Configuring ephemeral storage for runtime definitions

Ephemeral storage is node-local temporary storage (container-writable layer, emptyDir volumes) that is used by runtime pods for scratch data, unpacked models, staging, and logs. Insufficient ephemeral storage can cause pod eviction or job failures. Platform admins can centrally configure runtime-specific ephemeral storage requests and limits, ensuring predictable scheduling and safer capacity planning.

Before you begin

You must have instance admin access to the IBM® Software Hub cluster
You must have access to the WmlBase CR namespace (typically, the watsonx.ai™ project namespace)
Verify that the watsonx.ai operator is installed and healthy.

About this task

You can configure ephemeral storage for each runtime type in the WmlBase CR, in the spec.runtimeresources field. Each runtime key has request and limit values for ephemeral storage.

Request: The amount of ephemeral storage that is guaranteed for a pod. It is used for scheduling decisions.
Limit: The maximum ephemeral storage that the pod can use. Exceeding the limit can trigger termination or eviction.

The values must be in Kubernetes quantity formats (for example, 8Gi, 12Gi, 10240Mi).

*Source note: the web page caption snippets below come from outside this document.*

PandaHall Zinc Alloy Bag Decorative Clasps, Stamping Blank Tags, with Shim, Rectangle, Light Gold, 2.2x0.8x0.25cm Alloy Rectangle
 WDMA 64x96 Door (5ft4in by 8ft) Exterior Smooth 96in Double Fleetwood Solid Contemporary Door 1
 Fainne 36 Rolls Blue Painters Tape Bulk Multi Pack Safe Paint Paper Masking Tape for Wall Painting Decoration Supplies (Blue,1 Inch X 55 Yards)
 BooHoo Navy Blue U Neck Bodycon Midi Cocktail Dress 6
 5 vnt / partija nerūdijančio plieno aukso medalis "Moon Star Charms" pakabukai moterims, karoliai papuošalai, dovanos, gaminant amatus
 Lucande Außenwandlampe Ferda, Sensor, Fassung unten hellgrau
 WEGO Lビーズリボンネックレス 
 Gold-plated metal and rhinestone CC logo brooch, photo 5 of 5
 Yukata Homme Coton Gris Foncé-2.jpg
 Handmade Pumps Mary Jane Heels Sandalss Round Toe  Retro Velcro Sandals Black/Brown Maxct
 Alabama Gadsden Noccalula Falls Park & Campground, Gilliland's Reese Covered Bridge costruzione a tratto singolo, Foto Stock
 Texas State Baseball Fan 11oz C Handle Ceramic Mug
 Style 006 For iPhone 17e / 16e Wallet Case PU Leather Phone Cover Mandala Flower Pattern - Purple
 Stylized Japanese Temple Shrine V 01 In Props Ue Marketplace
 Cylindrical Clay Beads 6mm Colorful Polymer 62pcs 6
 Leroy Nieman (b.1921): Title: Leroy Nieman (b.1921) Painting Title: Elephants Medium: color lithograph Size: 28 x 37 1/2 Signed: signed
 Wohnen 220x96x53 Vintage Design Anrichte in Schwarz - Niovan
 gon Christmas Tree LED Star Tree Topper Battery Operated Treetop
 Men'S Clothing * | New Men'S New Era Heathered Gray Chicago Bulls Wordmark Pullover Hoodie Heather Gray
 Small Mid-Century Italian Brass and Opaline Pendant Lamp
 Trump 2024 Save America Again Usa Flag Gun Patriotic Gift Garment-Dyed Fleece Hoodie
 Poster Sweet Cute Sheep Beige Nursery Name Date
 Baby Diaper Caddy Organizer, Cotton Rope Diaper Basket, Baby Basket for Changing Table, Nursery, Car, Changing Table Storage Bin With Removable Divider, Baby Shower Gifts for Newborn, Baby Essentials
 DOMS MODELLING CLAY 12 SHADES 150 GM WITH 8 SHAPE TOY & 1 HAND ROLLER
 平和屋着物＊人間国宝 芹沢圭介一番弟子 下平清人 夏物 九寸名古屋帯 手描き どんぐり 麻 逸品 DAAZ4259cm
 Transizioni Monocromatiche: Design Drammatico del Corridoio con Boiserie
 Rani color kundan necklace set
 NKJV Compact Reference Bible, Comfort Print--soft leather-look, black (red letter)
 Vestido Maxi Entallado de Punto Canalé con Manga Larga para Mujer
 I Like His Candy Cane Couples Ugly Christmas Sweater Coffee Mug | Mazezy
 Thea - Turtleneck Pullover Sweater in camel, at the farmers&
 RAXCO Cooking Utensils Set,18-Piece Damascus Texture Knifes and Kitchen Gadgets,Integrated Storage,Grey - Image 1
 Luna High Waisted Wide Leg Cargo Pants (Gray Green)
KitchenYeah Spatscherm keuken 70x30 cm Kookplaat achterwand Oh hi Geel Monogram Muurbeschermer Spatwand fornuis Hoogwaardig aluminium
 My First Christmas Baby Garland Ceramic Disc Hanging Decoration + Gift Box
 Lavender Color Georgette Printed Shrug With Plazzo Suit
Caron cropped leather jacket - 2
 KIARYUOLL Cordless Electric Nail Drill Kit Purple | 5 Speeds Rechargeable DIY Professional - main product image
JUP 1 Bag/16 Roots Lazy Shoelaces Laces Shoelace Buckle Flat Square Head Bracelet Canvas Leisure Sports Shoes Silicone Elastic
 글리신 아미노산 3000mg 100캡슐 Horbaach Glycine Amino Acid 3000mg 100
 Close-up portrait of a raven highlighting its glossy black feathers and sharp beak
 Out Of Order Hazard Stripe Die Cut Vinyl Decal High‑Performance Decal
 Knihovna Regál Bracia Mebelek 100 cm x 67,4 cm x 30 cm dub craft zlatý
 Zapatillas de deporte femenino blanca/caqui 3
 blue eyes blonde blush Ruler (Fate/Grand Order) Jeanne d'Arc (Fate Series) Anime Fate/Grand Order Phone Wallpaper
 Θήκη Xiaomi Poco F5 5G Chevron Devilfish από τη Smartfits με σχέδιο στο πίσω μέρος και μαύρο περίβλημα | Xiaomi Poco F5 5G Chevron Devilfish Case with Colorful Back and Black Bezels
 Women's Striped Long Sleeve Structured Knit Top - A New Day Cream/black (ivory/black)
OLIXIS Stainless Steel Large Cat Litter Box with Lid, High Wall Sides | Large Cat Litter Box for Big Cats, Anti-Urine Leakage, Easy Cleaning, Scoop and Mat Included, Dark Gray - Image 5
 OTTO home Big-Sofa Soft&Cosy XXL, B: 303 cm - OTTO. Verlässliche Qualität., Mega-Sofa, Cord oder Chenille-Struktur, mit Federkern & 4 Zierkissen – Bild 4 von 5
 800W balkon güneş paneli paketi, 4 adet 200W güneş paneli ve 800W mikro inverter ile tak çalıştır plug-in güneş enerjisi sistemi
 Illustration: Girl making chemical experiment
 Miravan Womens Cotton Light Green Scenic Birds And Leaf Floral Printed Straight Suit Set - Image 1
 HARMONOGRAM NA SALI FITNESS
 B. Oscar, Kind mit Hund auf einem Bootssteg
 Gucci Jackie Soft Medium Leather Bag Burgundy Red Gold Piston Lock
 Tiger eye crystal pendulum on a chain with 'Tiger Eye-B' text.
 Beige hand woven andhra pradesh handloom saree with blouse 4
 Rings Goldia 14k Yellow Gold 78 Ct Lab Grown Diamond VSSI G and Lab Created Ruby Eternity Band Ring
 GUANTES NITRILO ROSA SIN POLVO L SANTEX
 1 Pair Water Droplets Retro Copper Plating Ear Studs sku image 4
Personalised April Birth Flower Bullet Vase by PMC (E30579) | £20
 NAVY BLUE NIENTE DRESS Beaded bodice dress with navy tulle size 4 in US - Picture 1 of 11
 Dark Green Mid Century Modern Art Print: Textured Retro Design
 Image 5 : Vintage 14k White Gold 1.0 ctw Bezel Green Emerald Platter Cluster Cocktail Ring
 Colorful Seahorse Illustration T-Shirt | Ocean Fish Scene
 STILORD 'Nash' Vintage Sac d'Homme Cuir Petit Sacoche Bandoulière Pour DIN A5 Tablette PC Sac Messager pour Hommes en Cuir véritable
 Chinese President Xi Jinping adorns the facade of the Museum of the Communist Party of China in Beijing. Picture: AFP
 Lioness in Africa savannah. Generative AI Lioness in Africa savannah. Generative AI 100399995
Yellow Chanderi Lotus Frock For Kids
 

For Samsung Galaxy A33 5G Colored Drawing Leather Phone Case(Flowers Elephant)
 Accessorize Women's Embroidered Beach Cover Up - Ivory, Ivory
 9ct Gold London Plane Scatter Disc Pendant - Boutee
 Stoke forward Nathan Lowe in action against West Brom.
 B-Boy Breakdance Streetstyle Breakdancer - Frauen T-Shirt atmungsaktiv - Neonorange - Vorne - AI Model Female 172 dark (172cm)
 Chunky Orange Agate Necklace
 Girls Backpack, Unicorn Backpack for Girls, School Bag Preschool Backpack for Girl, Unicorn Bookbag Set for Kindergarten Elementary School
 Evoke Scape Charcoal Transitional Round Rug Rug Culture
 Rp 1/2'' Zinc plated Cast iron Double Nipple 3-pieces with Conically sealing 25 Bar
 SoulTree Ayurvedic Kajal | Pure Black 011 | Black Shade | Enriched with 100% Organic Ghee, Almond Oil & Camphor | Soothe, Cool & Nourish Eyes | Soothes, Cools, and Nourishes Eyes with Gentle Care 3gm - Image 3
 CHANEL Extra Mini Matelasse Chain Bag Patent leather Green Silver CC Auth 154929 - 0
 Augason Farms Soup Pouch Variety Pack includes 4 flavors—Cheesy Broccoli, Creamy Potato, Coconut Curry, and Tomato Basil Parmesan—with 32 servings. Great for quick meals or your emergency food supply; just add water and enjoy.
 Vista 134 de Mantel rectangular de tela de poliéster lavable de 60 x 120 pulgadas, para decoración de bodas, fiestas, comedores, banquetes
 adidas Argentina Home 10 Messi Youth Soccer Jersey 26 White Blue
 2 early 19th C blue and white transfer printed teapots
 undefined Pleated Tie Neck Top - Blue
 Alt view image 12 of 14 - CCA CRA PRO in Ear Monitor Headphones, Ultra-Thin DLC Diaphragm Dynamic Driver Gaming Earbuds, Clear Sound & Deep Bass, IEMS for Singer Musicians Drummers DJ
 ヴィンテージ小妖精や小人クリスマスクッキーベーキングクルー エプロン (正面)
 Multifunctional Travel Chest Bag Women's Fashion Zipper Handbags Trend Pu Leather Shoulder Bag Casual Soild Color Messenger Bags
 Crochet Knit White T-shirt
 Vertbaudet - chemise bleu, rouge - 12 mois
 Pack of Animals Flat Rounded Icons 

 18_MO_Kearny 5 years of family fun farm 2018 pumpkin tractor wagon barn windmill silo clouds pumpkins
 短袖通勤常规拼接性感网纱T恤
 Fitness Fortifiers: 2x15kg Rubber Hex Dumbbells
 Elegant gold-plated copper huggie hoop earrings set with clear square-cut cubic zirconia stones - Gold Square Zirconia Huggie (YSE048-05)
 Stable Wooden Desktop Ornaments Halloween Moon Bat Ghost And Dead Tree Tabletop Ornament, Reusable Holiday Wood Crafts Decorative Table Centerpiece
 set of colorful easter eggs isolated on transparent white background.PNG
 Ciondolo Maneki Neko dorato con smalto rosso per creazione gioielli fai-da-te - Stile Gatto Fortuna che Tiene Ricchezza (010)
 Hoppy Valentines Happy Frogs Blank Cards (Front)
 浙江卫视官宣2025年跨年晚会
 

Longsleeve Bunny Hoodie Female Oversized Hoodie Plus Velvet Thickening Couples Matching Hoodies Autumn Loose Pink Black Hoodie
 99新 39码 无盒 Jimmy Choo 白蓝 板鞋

Changing ephemeral storage requests and limits:

Prevents runtime pods from being evicted under disk pressure
Improves utilization by right-sizing storage per workload

You can control:

Per-runtime requests and limits of ephemeral storage
Cluster-wide behavior through a single CR update

Note: Values that are set in the CR do not get reverted during an upgrade.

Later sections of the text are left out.